Il fait usage de faux en écriture publique et de détournement de deniers publics et l’apprend à ses dépens. Lui, c’est Salifou Mounirou Alassane, agent de la Poste du Bénin SA qui a soustrait frauduleusement la somme de 12 millions F CFA des comptes des clients de la Caisse nationale d’épargne (CNE) à Kandi. Au terme de l’audience qui s’est déroulée mercredi 30 décembre, la Cour d’assises l’a condamné à dix ans de réclusion criminelle, une amende de 10 millions F CFA au pénal, et au paiement de la somme soutirée avec intérêts sur le plan civil.

La Cour d’assises de la Cour d’appel de Parakou a connu mercredi 30 décembre, d’une affaire de faux en écriture publique et de détournement de deniers publics reprochée au sieur Salifou Mounirou Alassane. C’est le huitième dossier inscrit au rôle de la 2e session ordinaire de la juridiction au titre de 2015. Au pénal, la cour retient à l’encontre du prévenu la peine de dix ans de réclusion criminelle dont cinq ans ferme et cinq ans assortis de sursis et une amende de 10 millions F CFA dont 1 million F CFA ferme et 9 millions F CFA aux frais envers l’Etat. Elle fixe la durée de contrainte par corps à trois mois.
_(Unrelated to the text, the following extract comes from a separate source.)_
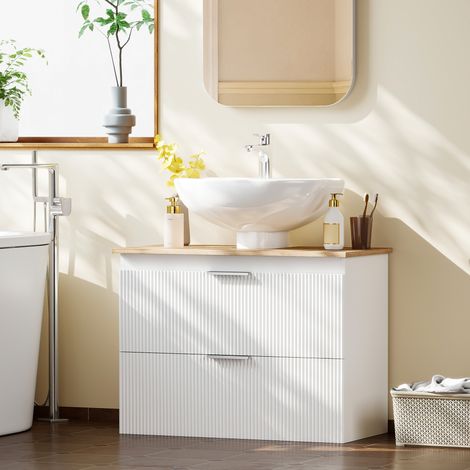 Meuble vasque de salle de bain, armoire de 80 cm avec deux grands tiroirs pour lavabos, avec ou sans plinthe, blanc (1/4)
Au civil, la cour autrement composée (sans le concours des jurés) condamne l’accusé à payer à la Poste du Bénin SA la somme de 12 millions outre les intérêts au taux légal de 3,5% à compter du 30 décembre 2015. Elle le condamne en outre aux entiers dépens et fixe la durée de contrainte par corps au maximum.
La Cour est composée du président Edouard Ignace Gangny, des assesseurs Pascal A. Agboton et Kuassi David Anani et des jurés Yolande V. Guèdègbé, Fabrice Ahanhanzo Glèlè, Clarisse Mandopa P. Dogo et Djibril Dévi Domanou. Le secrétariat de l’audience est tenu par le greffier Alexandre Azélokonon. La défense de l’accusé est assurée par Me Serge Spéro Quenum. Les intérêts de la partie civile sont défendus par Jean-Claude Aviansou et Elie M. Dovonou.

Les faits

Sabine Boné Worou, cliente de la Caisse nationale d’épargne (CNE) de la Poste du Bénin SA, dépose courant novembre 2009, son livret d’épargne pour le calcul des intérêts annuels de ses avoirs à la Poste de Kandi. Le mardi 2 février 2010, elle reçoit son livret et constate une opération de retrait de 9 millions F CFA effectuée le 2 décembre 2009 et un versement - fictif - du même montant le 20 janvier 2010, pendant que le carnet n’était pas à sa portée. Pantoise, la cliente prend contact avec le receveur de la Poste qui, après vérification des registres, se rend compte d’une supercherie. L’agent Salifou Mounirou Alassane est interpellé et passe aux aveux. Une mission d’inspection dépêchée par la direction générale de la Poste du Bénin permet de relever deux autres cas portant ainsi le montant total du préjudice subi par la Poste du Bénin SA à 12 millions de francs CFA. En fait, Salifou Mounirou Alassane avait procédé le 23 juillet 2009 à une soustraction frauduleuse sur le compte d’Anatou Kissira pour un montant de 1 million F CFA, avant l’opération sur le compte de Sabine Boné Worou à hauteur de 9 millions F CFA le 2 décembre 2009. Puis, le 15 janvier 2010, il récidive avec 2 millions F CFA soutirés sur le compte de dame Véronique Kikpa.
Poursuivi d’abord des chefs de faux en écriture privée et abus de confiance puis de faux en écriture publique et détournement de deniers publics, le nommé Salifou Mounirou Alassane est renvoyé devant la Cour d’assises de Parakou pour y être jugé conformément à la loi.
L’extrait n°1 de son casier judiciaire vierge montre qu’il n’a pas d’antécédent judiciaire. L’enquête de moralité lui est favorable. Salifou Mounirou Alassane est décrit curieusement comme un agent modèle et comme un homme humble, courtois, sociable, aimable et de bonne moralité, jusqu’à la commission de l’infraction.
Le rapport d’expertise psychiatrique et médico-psychologique conclut qu’il n’était pas en état de démence au moment des faits, donc accessible à la sanction pénale.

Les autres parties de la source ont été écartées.